§ Exercise directions
Apart from the pictures, every record here must be copied word for word.

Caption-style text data
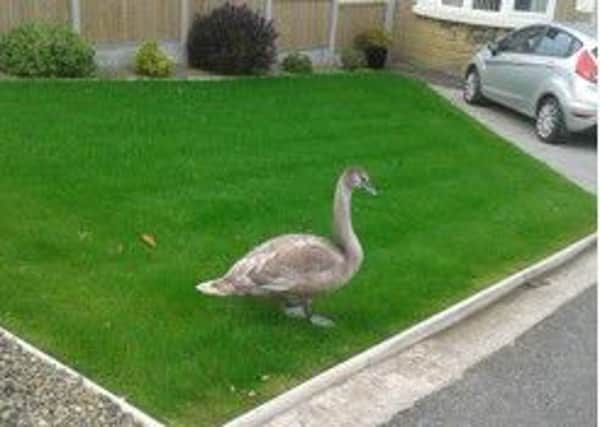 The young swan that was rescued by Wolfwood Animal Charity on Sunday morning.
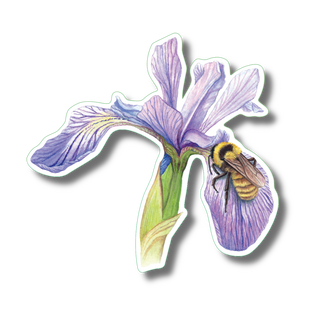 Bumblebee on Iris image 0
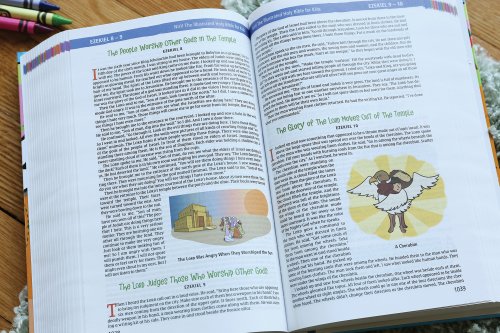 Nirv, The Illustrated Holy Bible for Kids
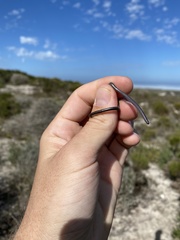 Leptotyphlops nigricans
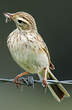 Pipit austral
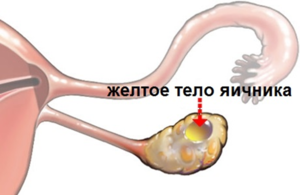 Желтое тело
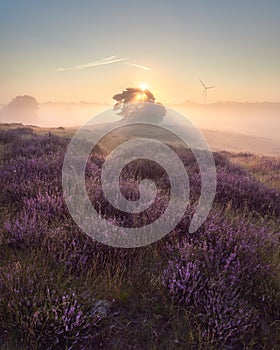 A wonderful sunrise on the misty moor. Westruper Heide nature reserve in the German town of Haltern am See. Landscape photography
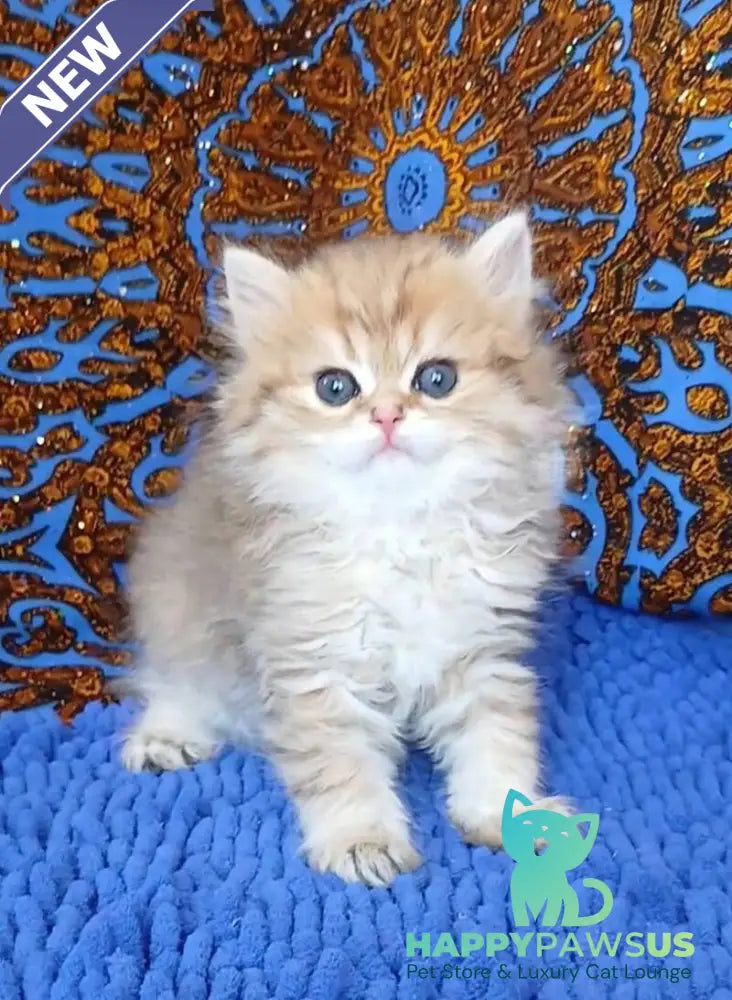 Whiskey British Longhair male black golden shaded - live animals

§ Answer to the problem
 The young swan that was rescued by Wolfwood Animal Charity on Sunday morning.
 Bumblebee on Iris image 0
 Nirv, The Illustrated Holy Bible for Kids
 Leptotyphlops nigricans
 Pipit austral
 Желтое тело
 A wonderful sunrise on the misty moor. Westruper Heide nature reserve in the German town of Haltern am See. Landscape photography
 Whiskey British Longhair male black golden shaded - live animals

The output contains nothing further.